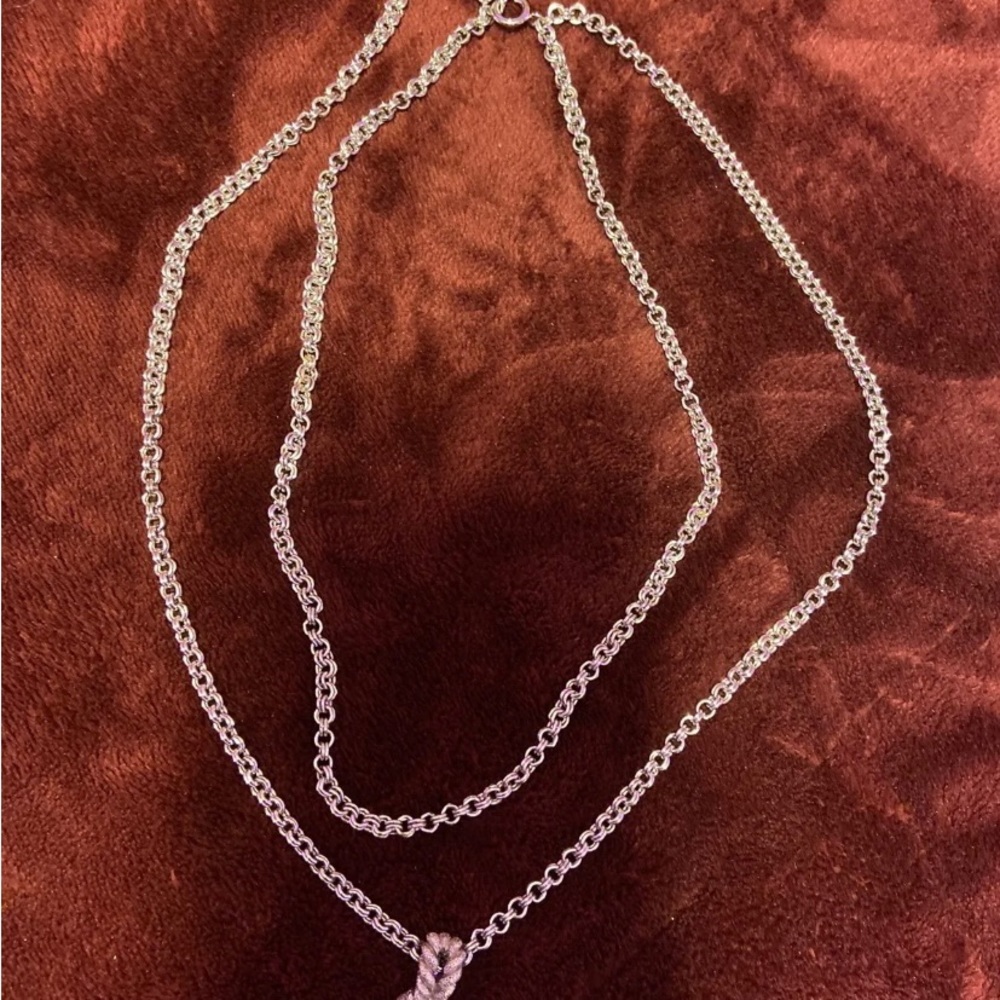 VINTAGE AVON TURQUOISE TEARDROP NECKLACE 1972 SILVER CHAIN NEW IN BOX - Picture 2 of 6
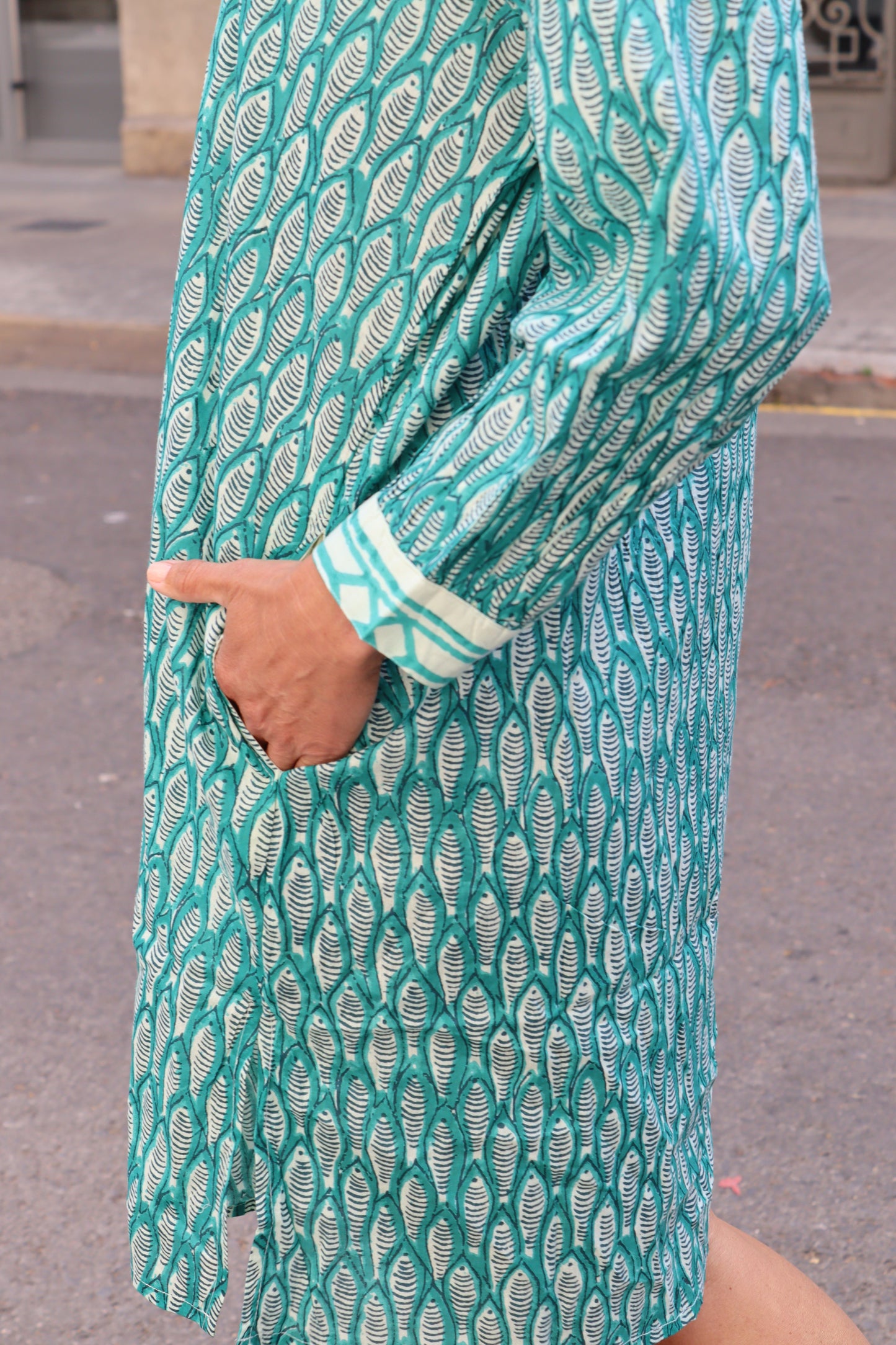 CAMISOLA PECES TURQUESA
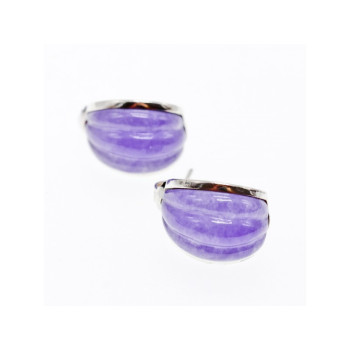 925 Sterling Silver Agate Stud Earrings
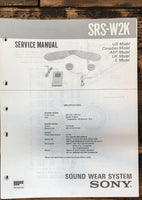 Sony SRS-W2K Speaker  Service Manual *Original*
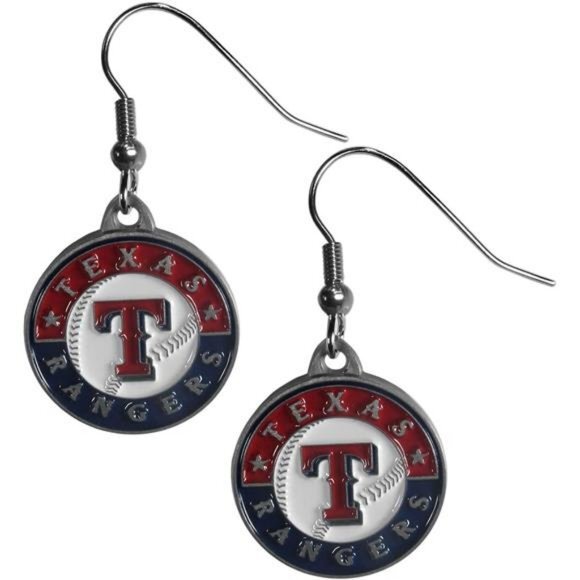 Jewelry - NEW Texas Rangers 2023 World‎ Series Womens Female MLB Dangle Earrings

The problem
Copy the data exactly. Any picture it contains is to be omitted.

Problem solution
 VINTAGE AVON TURQUOISE TEARDROP NECKLACE 1972 SILVER CHAIN NEW IN BOX - Picture 2 of 6
 CAMISOLA PECES TURQUESA
 925 Sterling Silver Agate Stud Earrings
 Sony SRS-W2K Speaker  Service Manual *Original*
 Jewelry - NEW Texas Rangers 2023 World‎ Series Womens Female MLB Dangle Earrings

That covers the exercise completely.